Velshi walked his viewers through reporting from The New York Times, CATO, the Partnership for Public Service, and a recent op-ed at The Hill, and it's just a sickening reminder of what a soulless ghoul Musk is.
VELSHI: Remember DOGE, the so-called Department of Government Efficiency? It was the Elon Musk-led federal initiative that wreaked all kinds of havoc in the name of saving money by reducing waste, fraud and abuse.
The Cato Institute, which is a libertarian think tank, found that DOGE reduced the federal workforce by 271,000 jobs. Right now on the DOGE website, it claims to have saved the taxpayers $215 billion, which is a far cry from the two trillion dollars in federal spending that Musk originally promised to reduce.
And now a New York Times analysis finds the actual number is still a fraction of that $215 billion dollars that it currently claims to have saved. The New York Times analyzed 40 of DOGE's top savings claims, the contracts and grants that DOGE says it canceled to save the government money.
It found that only 12 of the 40 were accurate. The Times attributes DOGE's inaccuracies to either double counting, misclassifying, claiming cuts that actually happened in the Biden era, or grossly exaggerating the savings.

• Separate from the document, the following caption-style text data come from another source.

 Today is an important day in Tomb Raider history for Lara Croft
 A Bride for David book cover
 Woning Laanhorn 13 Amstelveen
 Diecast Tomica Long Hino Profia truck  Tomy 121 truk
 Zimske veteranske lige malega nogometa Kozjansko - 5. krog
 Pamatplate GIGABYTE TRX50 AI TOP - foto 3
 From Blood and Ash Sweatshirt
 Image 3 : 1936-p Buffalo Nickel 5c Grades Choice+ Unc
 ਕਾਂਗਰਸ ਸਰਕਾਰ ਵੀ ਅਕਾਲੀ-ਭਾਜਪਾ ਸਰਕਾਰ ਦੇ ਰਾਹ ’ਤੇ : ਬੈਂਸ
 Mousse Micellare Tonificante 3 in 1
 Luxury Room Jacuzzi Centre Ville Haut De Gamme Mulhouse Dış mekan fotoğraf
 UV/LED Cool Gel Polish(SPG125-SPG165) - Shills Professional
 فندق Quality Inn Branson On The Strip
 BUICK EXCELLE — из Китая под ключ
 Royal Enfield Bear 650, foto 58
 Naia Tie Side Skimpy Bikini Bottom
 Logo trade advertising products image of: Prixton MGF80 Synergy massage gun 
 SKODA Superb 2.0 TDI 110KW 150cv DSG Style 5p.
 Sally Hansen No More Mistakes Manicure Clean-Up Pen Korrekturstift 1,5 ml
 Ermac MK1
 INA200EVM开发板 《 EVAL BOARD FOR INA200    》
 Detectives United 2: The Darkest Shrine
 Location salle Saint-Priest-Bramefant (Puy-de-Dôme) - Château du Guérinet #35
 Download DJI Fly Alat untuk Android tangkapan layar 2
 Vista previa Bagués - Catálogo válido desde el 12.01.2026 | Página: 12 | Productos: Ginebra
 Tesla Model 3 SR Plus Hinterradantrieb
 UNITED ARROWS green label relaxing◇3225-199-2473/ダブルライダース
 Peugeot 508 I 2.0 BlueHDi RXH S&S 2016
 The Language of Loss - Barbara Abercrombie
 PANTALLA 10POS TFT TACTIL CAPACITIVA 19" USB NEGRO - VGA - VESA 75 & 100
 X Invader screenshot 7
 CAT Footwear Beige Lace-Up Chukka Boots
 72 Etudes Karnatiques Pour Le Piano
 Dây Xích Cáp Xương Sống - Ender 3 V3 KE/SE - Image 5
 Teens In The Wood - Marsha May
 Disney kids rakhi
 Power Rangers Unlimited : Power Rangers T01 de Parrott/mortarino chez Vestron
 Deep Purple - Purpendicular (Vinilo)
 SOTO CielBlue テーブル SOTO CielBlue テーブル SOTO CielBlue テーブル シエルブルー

For example, the Times writes, "At the top were two Defense Department contracts, one for information technology, one for aircraft maintenance. Mr. Musk's group listed them as terminations and said their demise had saved the taxpayers $7.9 billion. That was not true. The contracts are still alive and well, and those savings were an accounting mirage. Together, those two false entries were bigger than 25,000 of DOGE's other claims combined." quote.
Nonetheless, DOGE did actually make some cuts to the federal government and they had devastating ripple effects. One of DOGE's most high profile and consequential casualties was the United States Agency for International Development, USAID. It was our country's premier provider of humanitarian aid worldwide. It was a beacon of American values and soft power that started in the Kennedy administration and enjoyed bipartisan support for more than six decades.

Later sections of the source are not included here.